Durante il 1941 e '42, l'impero giapponese si estende a macchia d'olio senza che le potenze alleate potessero opporre un'adeguata resistenza. Dopo la conquista dell'Asia sud-orientale, le mire nipponiche si orientano verso i confini orientali dell'Oceano Indiano e l'isola di Ceylon diventa la chiave strategica dello scacchiere per il controllo delle rotte aeronavali fra Medio Oriente, India e Australia, pregiudicando le spedizioni di rifornimenti anche attraverso il capo di Buona Speranza, il Golfo Persico e Suez, con gravi ripercussioni sulla situazione delle truppe impegnate in Egitto.

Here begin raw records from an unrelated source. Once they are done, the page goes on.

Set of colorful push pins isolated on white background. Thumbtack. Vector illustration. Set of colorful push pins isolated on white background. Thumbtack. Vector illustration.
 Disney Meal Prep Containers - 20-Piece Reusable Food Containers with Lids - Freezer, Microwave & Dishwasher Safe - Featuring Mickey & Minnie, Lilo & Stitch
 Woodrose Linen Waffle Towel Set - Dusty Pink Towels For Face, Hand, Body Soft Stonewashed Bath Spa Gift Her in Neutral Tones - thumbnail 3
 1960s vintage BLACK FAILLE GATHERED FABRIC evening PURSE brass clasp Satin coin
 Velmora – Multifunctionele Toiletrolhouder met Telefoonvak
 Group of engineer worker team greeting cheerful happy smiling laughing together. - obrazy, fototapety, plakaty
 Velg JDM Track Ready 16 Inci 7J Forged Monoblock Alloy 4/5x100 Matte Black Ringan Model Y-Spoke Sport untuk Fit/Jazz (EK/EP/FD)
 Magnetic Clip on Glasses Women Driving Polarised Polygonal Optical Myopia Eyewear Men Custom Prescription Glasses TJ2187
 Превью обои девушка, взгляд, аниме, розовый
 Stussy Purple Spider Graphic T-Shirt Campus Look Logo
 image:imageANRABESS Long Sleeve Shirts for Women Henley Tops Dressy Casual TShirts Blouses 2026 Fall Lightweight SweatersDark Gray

Dopo aver pianificato la preventiva occupazione del Madagascar, l'Inghilterra deve fronteggiare il pericolo di un attacco giapponese contro Ceylon, dove si trovavano due divisioni di fanteria (e due gruppi aerei con alcuni caccia Fullmar e Hurricane, i bombardieri Blenheim e i ricognitori Catalina) parte del comando del Fronte Indiano, esercitato dal generale Wavell, a sua volta molto più preoccupato per la minaccia nipponica verso i confini nord-orientali, il Bengala e l'Assam. Sull'isola, la difesa è affidata all'ammiraglio Layton, che in un solo mese riesce a riorganizzare mirabilmente le forze a disposizione.

All'inizio di marzo 1942, gli stati maggiori britannici, dopo accurate indagini, giungono alla conclusione che l'intero equilibrio del territorio dipendeva dalla salvezza dell'isola di Ceylon, e a tale scopo organizzano una squadra navale di protezione, denominata Eastern Fleet, agli ordini dell'ammiraglio Somerville. La formazione era composta da 3 portaerei, 4 unità da battaglia classe R più la corazzata Warspite, 7 incrociatori e 14 cacciatorpediniere. Questa forza navale, però, nonostante il numero, non era una garanzia per la sua stessa costituzione e d'altra parte, la marina britannica era sparpagliata per tutti i mari del globo: le navi da battaglia della classe R (Ramilles, Revenge, Resolution e Royal Sovereign) erano lente, poco maneggevoli, con poca autonomia e particolarmente vulnerabili in caso di attacco aereo a bassa quota, tattica preferita dalle squadriglie giapponesi con i formidabili caccia Zero. La più nuova, la corazzata Warspite, protagonista della battaglia dello Yutland, era la sola che poteva offrire una qualche speranza, e nemmeno le portaerei avrebbero potuto fare molto contro la flotta nipponica, la più potente del mondo. Inoltre, ben 4 incrociatori su 7, risalivano alla prima guerra mondiale.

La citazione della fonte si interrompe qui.